Choosing a container¶
The collections module gives you several ways to store things, and the built-in dict and list overlap with all of them. This essay is a practical guide to picking the right one — not by memorising a table, but by asking what you're actually doing with the data. In almost every case a single question settles it.
Start with the built-ins¶
The honest default is: use a list or a dict until you have a reason not to. They're flexible, universally understood, and fast enough for the overwhelming majority of code. The specialised containers earn their place only when a specific pattern shows up — and the rest of this essay is really a list of those patterns and the type each one signals. If none of them matches, the built-in is the right answer.

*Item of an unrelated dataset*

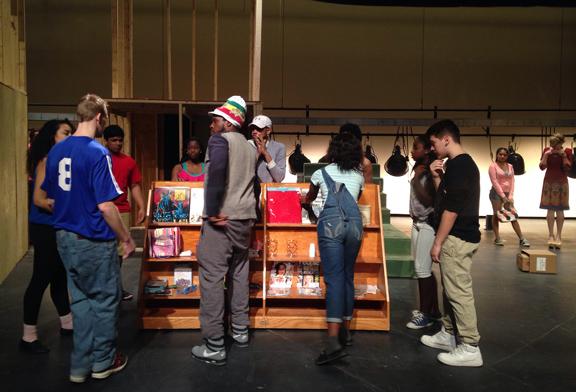 The cast of In the Heights gets into place for the shows opening number, under director Jamaly Allens instructions.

"I'm counting how often things occur" → Counter¶
The tell is that your values are tallies — you're incrementing, asking "how many", or wanting the most common. The moment you'd otherwise write if x in d: d[x] += 1 else: d[x] = 1, you want a Counter. It also gives you most_common, multiset arithmetic, and zero-for-missing reads, none of which a hand-rolled dict offers for free. If you're only ever counting, don't reach for defaultdict(int) — Counter is the same idea with a better toolkit.
"I'm grouping items into buckets" → defaultdict¶
The tell is a value that accumulates — a list you append to, a set you add to, a running sum. defaultdict(list) is the canonical grouping tool; defaultdict(set) when buckets should dedupe; defaultdict(int) for sums. The decision between defaultdict and a plain dict's setdefault is minor and stylistic: defaultdict reads better when one dict is built up consistently through a function, setdefault when it's a one-off or you want the result to stay an ordinary dict. The one caveat that should steer you back to dict/get is read-heavy code where accidental key creation would be a problem.
"I'm working at the ends of a sequence" → deque¶
The tell is a queue or a window: you add at one end and remove from the other, or you keep only the most recent N. If your code contains list.pop(0) or list.insert(0, x), that's the signal to switch — those are O(n), and a deque's end-operations are O(1). Add maxlen when you want a self-trimming window or ring buffer. The flip side: if you mostly index into the middle (x[i] for arbitrary i) or do random insertion, stay with a list — that's where it's faster.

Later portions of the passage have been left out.